*Assigned task*
The entries below are to be written out exactly, with no images included.

*Source material*
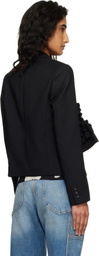 Comme des Garçons Girl Black Gabardine Blazer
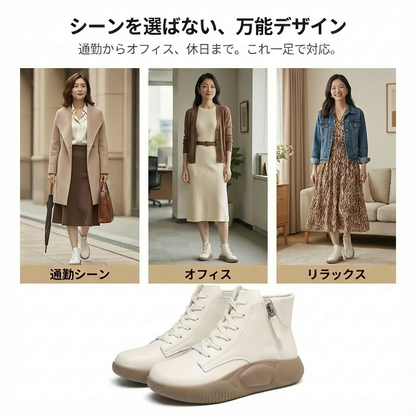 LUMINA™ – サイドジップハイカットスニーカー (4cmアップ）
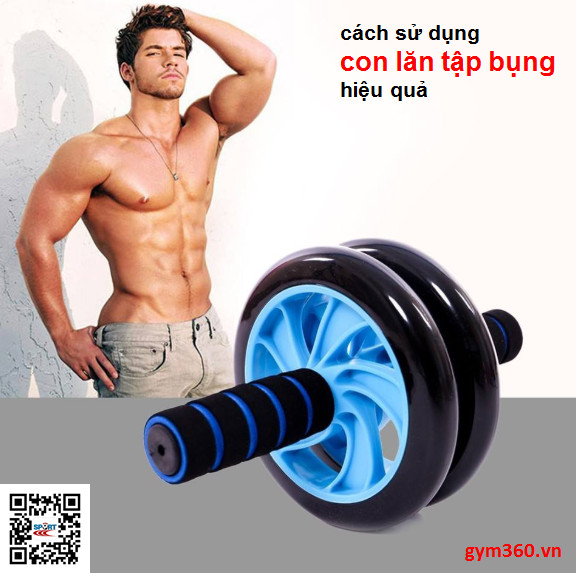 con lăn tập bụng hiệu quả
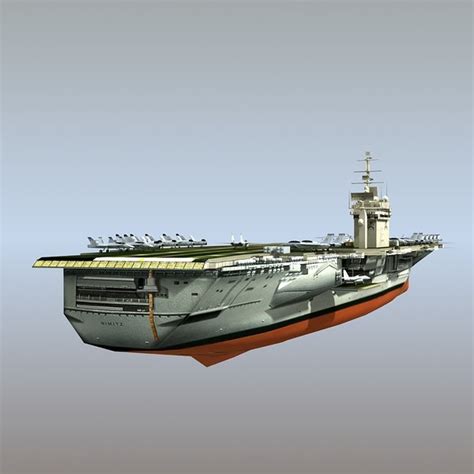 3d model uss nimitz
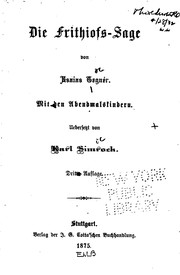 Cover of: Die Frithiofs-sage by Esaias Tegnér, Karl Joseph Simrock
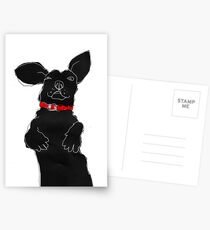 red collar Postcards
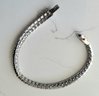 VINTAGE STERLING SILVER MARKED 925-FAS TENNIS BRACELET W/ CUBIC ZERCONIA STONS CZ
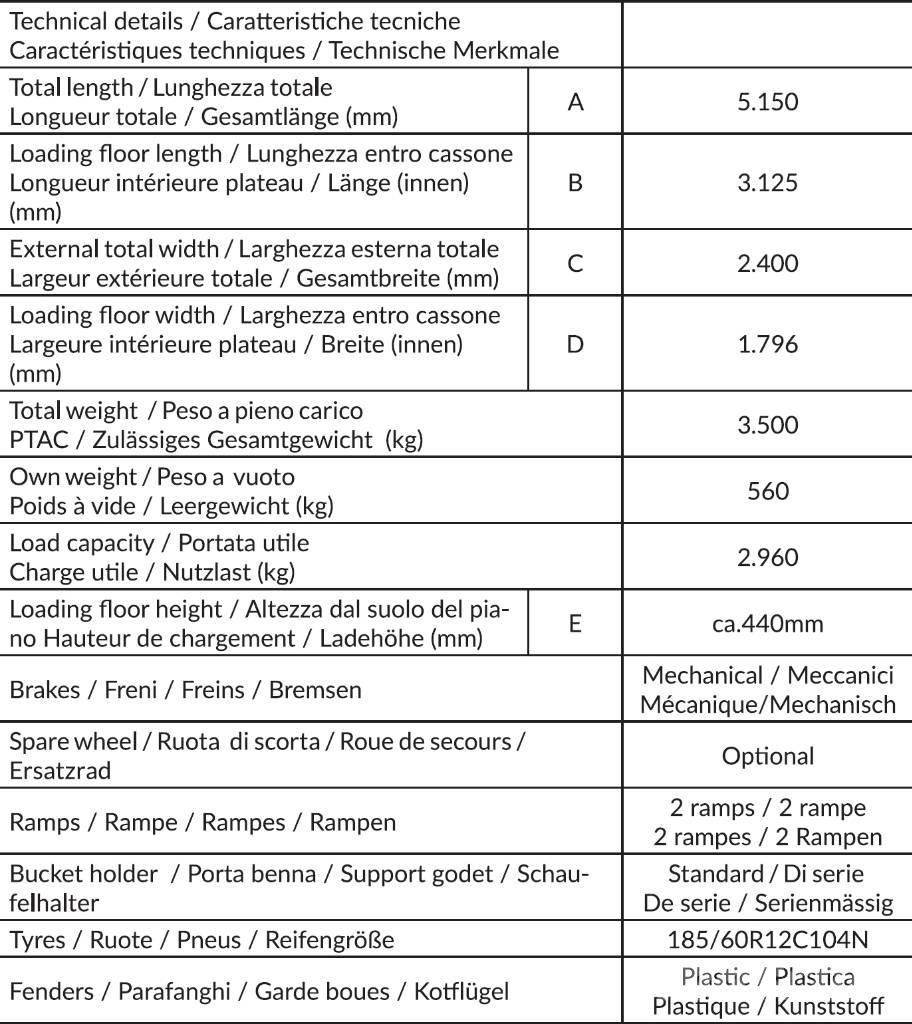CLM ALUMINIUM FLY 35 Auto prikolice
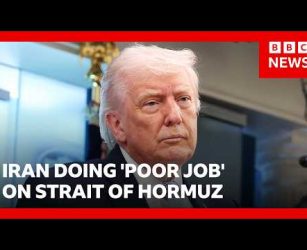 Trump says Iran's handling of Strait of Hormuz is 'not the agreement we have' | BBC News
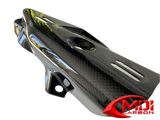2011-2015 Ninja ZX-10R Carbon Fiber Exhaust Muffler Pipe Heat Shield Cover Cowl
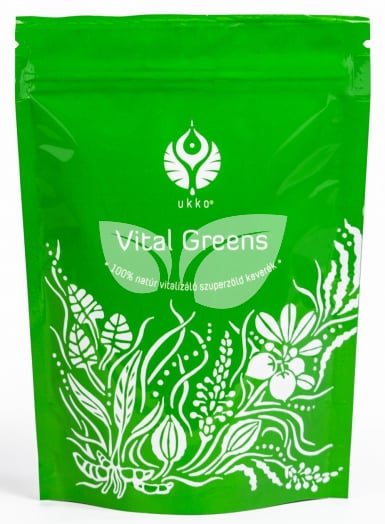 Ukko vital greens 100% natúr vitalizáló szuperzöld teakeverék 120 g • Egészségbolt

*Task result*
 Comme des Garçons Girl Black Gabardine Blazer
 LUMINA™ – サイドジップハイカットスニーカー (4cmアップ）
 con lăn tập bụng hiệu quả
 3d model uss nimitz
 Cover of: Die Frithiofs-sage by Esaias Tegnér, Karl Joseph Simrock
 red collar Postcards
 VINTAGE STERLING SILVER MARKED 925-FAS TENNIS BRACELET W/ CUBIC ZERCONIA STONS CZ
CLM ALUMINIUM FLY 35 Auto prikolice
 Trump says Iran's handling of Strait of Hormuz is 'not the agreement we have' | BBC News
2011-2015 Ninja ZX-10R Carbon Fiber Exhaust Muffler Pipe Heat Shield Cover Cowl
 Ukko vital greens 100% natúr vitalizáló szuperzöld teakeverék 120 g • Egészségbolt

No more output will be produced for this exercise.